I back ported the kernel side changes to a 4.2.32 based kernel.
I tested the patch on a prototype system which exhibits a stable
initial_apic_id for CPU 0. While not something that would be suitable
for customers, it does allow me to test the kernel portion of the patch.
I will report the results of the testing later this week.
Thanks
Jerry
--
----------------------------------------------------------------------------
Jerry Hoemann Software Engineer Hewlett-Packard/MODL
3404 E Harmony Rd. MS 57 phone: (970) 898-1022
Ft.

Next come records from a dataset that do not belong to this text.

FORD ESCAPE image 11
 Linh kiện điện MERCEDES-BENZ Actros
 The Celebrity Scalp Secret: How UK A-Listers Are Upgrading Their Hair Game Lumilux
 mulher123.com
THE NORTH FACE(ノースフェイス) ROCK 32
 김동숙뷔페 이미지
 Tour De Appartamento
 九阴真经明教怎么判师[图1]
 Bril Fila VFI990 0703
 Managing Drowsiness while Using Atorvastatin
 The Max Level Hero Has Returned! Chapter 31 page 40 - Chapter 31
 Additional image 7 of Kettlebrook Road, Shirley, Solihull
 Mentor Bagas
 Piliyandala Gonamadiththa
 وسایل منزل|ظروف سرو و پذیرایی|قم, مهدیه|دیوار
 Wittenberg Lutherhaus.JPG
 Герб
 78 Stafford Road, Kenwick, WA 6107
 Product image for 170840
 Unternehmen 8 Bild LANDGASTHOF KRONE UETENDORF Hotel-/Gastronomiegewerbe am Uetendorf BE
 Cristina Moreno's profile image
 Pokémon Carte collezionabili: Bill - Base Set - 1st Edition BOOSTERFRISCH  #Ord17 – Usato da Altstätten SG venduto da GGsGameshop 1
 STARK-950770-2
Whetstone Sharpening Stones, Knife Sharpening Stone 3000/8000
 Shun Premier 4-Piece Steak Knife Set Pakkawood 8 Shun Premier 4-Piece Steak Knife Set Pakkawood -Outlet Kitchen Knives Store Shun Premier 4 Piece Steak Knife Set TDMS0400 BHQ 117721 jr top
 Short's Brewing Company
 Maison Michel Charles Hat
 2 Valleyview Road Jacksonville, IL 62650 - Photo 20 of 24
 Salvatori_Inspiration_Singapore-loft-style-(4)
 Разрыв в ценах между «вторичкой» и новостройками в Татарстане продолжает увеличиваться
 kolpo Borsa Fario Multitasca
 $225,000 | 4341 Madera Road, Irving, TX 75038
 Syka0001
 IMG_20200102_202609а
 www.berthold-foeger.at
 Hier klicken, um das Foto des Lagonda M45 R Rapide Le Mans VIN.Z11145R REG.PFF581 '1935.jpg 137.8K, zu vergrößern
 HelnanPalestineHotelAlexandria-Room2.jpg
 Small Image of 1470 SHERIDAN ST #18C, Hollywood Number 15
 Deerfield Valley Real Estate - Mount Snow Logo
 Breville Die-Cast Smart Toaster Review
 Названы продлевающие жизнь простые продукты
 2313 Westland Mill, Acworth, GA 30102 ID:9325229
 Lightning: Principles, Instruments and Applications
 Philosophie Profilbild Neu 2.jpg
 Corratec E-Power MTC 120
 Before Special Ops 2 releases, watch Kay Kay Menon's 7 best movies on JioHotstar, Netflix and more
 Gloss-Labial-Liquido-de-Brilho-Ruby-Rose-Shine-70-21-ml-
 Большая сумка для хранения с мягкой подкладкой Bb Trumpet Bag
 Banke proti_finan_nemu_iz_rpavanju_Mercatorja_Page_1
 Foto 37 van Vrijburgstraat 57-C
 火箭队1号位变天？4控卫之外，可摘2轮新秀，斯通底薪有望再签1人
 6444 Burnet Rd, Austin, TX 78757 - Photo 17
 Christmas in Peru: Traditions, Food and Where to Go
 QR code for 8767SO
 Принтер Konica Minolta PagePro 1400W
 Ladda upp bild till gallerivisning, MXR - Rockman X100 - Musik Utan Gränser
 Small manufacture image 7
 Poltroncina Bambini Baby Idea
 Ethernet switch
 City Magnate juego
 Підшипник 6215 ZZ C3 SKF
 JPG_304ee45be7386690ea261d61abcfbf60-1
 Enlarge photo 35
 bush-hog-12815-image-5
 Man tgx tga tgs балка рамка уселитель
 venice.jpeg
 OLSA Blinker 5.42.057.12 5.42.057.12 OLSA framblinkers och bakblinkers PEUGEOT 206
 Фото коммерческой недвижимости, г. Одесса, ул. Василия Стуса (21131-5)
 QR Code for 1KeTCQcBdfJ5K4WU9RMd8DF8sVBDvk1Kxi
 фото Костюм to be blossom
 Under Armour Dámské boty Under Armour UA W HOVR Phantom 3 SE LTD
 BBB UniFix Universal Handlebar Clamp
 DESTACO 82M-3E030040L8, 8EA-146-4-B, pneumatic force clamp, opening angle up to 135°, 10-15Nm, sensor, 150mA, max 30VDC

Collins, CO 80528 FAX: (970) 898-XXXX
email: [email protected]
----------------------------------------------------------------------------
(2013/10/31 9:58), [email protected] wrote:
> On Wed, Oct 23, 2013 at 09:05:06AM +0900, HATAYAMA Daisuke wrote:
>>>>
>>>> - Rebased on top of v3.12-rc6
>>>>
>>>> - Basic design has been changed. Now users need to figure out initial
>>>> APIC ID of BSP in the 1st kernel and configures kernel parameter for
>>>> the 2nd kernel manually using disable_cpu_apic kernel parameter to
>>>> be newly introduced in this patch set. This design is more flexible
>>>> than the previous version in that we no longer have to rely on
>>>> ACPI/MP table to get initial APIC ID of BSP.
>>>
>>>
>>> Do you literally mean a human at each boot will have to configure
>>> the kdump configuration files for passing disable_cpu_apic?
>>> Or do you envision the setting of disable_cpu_apic being put into
>>> the kdump initialization scripts?
>>>
>>> thanks
>>>
>>> Jerry
>>
>> Nearer to the former case, but this is not what a human should do. It's
>> a cumbersome task. I think, on fedora/RHEL system for example, kdump
>> service should check at each boot automatically.
>>
>> HATAYAMA, Daisuke
>
>
> Daisuke,
>
> Are you planning on making changes to the kexec tools to automate
> the setting of disable_cpu_apic to the capture kernel? Or do you
> know someone who is planning this?
>
> I back ported the kernel side changes to a 4.2.32 based kernel.
> I tested the patch on a prototype system which exhibits a stable
> initial_apic_id for CPU 0. While not something that would be suitable
> for customers, it does allow me to test the kernel portion of the patch.
>
> I will report the results of the testing later this week.
>
I'll do that after this patch is merged in kernel. But it is still under
reviewing.
--
Thanks.
HATAYAMA, Daisuke
On Wed, Oct 30, 2013 at 06:58:13PM -0600, [email protected] wrote:
[..]
> Daisuke,
>
> Are you planning on making changes to the kexec tools to automate
> the setting of disable_cpu_apic to the capture kernel? Or do you
> know someone who is planning this?
I think we should not make this change in kexec-tools and should leave
it to distro scripts to append disable_cpu_apic.
Who knows in future this restriction is not there at all and kexec-tools
will be stuck with always passing disable_cpu_apic. Getting rid of
this parameter in distro scripts will be much easier.
Thanks
Vivek
On Thu, Oct 31, 2013 at 09:27:45AM -0400, Vivek Goyal wrote:
> On Wed, Oct 30, 2013 at 06:58:13PM -0600, [email protected] wrote:
>
> [..]
> > Daisuke,
> >
> > Are you planning on making changes to the kexec tools to automate
> > the setting of disable_cpu_apic to the capture kernel? Or do you
> > know someone who is planning this?
>
> I think we should not make this change in kexec-tools and should leave
> it to distro scripts to append disable_cpu_apic.
>
> Who knows in future this restriction is not there at all and kexec-tools
> will be stuck with always passing disable_cpu_apic. Getting rid of
> this parameter in distro scripts will be much easier.
Hi Vivek, Hi Daisuke,
That approach sounds reasonable to me.